Mahmoud Abbas spoke at a gathering of heads of state and top officials from Islamic nations at a summit in Turkey that is expected to forge a unified Muslim world's stance against Trump's move.
Abbas called Trump's decision a "crime" that threatened world peace. He called on the United Nations to take charge of the peace process and create a new mechanism, arguing that Washington is no longer "fit" for the task.
The Palestinian leader also said that the Palestinians are committed to a peaceful resolution of the Israeli- Palestinian conflict but that after Trump's pivot on Jerusalem, Washington is not accepted as a fair negotiator.
The Istanbul gathering of heads of state and top officials from the 57-member Organization of Islamic Cooperation could offer the Muslim world's strongest response yet to Washington's move.
Turkish President Recep Tayyip Erdogan, the current president of the OIC, called on countries to urgently recognise the Palestinian state and Jerusalem as its capital.
Erdogan has been among the most vocal critics of Trump's announcement. In remarks to the summit, he said Israel is an "occupying state" and a "terror state."
Jerusalem's status is at the core of the decades-long Israeli-Palestinian conflict and Trump's December 6 announcement was widely perceived as siding with Israel. It also raised fears of more bloodshed as past crises over Jerusalem had triggered violent outbreaks.
Earlier, in opening remarks to a pre-summit meeting, Turkey's foreign minister, Mevlut Cavusoglu, told OIC foreign ministers that the US decision aims to "legitimize Israel's attempt to occupy Jerusalem."
"They expect the Islamic nation to remain silent," he said. "But we will never be silent. This bullying eliminates the possibility of peace and the grounds for shared life. The US' decision is null for us."
Most countries around the world have not recognised Israel's 1967 annexation of east Jerusalem. Under a long- standing international consensus, the fate of the city is to be determined in negotiations.

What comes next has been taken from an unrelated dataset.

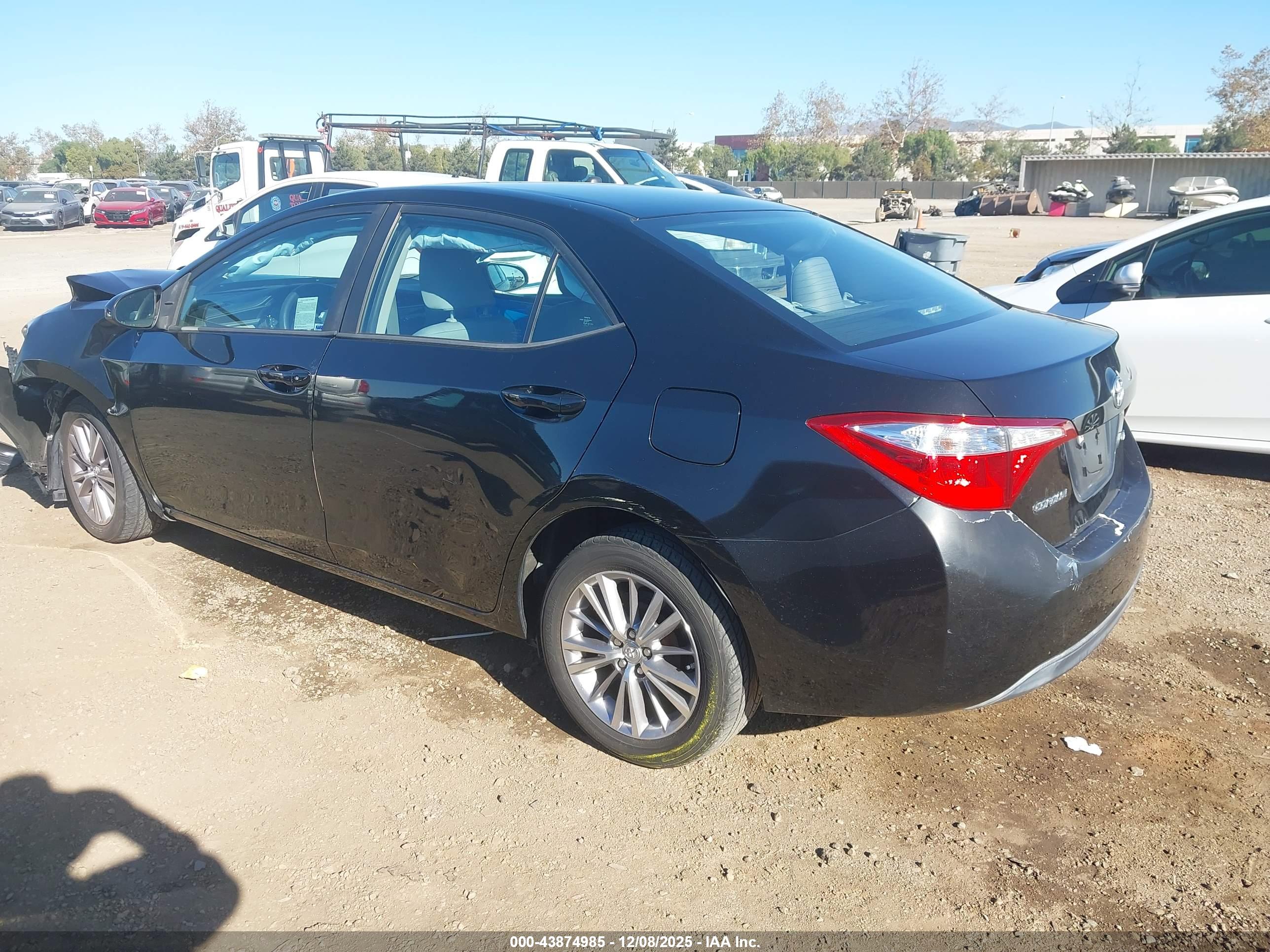 TOYOTA COROLLA image 3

Iranian President Hassan Rouhani, Lebanon's President Michel Aoun, Jordanian King Abdullah II and top ministers of numerous nations were to attend the gathering in Istanbul.
In an emergency meeting in Cairo last weekend, Arab foreign ministers demanded that the United States rescind Trump's decision to recognise Jerusalem as Israel's capital.
In a resolution long on rhetoric but short on concrete actions, the ministers also called for the UN Security Council to adopt a resolution condemning Trump's decision, but acknowledged that Washington would most likely veto it.
Israel has considered Jerusalem its capital since the state's establishment in 1948 and sees the city as the ancient capital of the Jewish people. In the 1967 Mideast war, Israel captured the city's eastern sector and later annexed it in a move that is not recognised internationally.
The Palestinians equally lay claim to Jerusalem and want the eastern part of the city as capital of their future state.
Some 320,000 Palestinians live in that part of the city and Palestinians claim a deep cultural, historical and religious connection to the city.
The Old City, located in east Jerusalem, is home to sites holy to Jews, Christians and Muslims. These include the Western Wall, the holiest site where Jews can pray, and the Al-Aqsa Mosque, Islam's third holiest site.